----- Supplied records

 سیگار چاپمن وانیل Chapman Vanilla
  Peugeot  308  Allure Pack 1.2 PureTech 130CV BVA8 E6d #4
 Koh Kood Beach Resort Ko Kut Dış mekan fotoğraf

----------
----- Supplied records

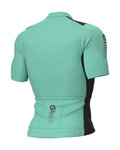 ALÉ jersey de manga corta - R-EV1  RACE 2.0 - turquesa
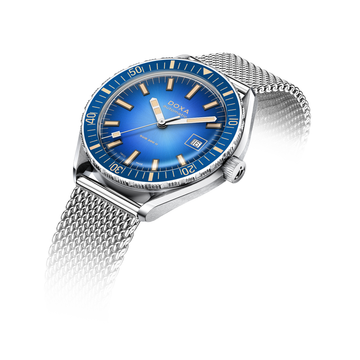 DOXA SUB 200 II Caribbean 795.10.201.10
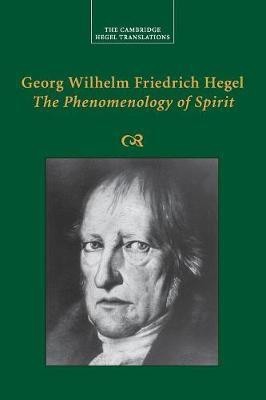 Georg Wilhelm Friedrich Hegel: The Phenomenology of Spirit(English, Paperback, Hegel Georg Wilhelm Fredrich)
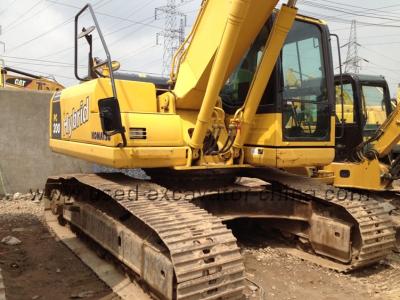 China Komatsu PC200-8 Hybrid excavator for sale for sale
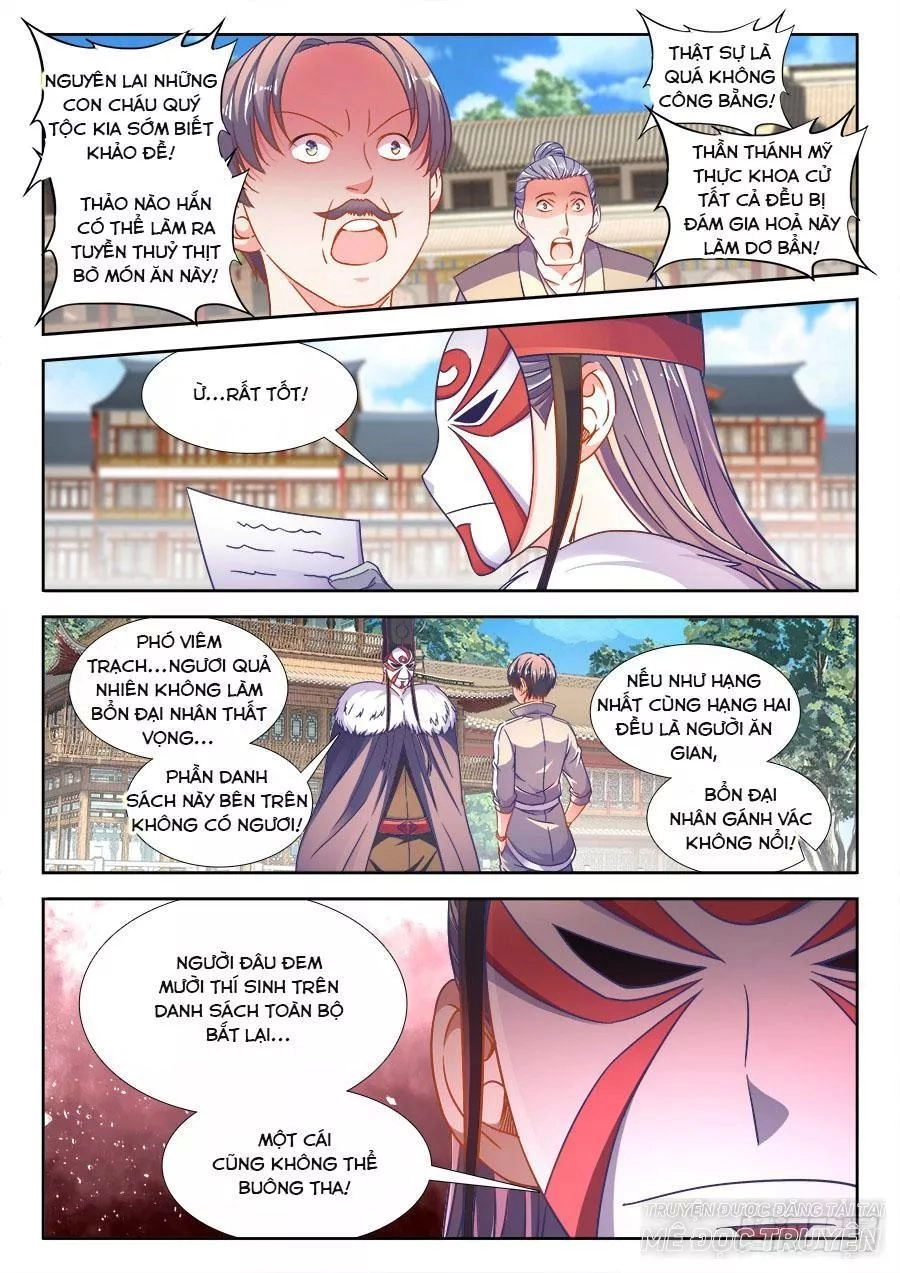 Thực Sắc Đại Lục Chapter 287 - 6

----------

Exercise brief: Among the entries above, the lines between the ones containing "سیگار چاپمن وانیل Chapman Vanilla" and "Koh Kood Beach", inclusive, are to be transcribed exactly. No other line is to be given.

Expected answer:
 سیگار چاپمن وانیل Chapman Vanilla
  Peugeot  308  Allure Pack 1.2 PureTech 130CV BVA8 E6d #4
 Koh Kood Beach Resort Ko Kut Dış mekan fotoğraf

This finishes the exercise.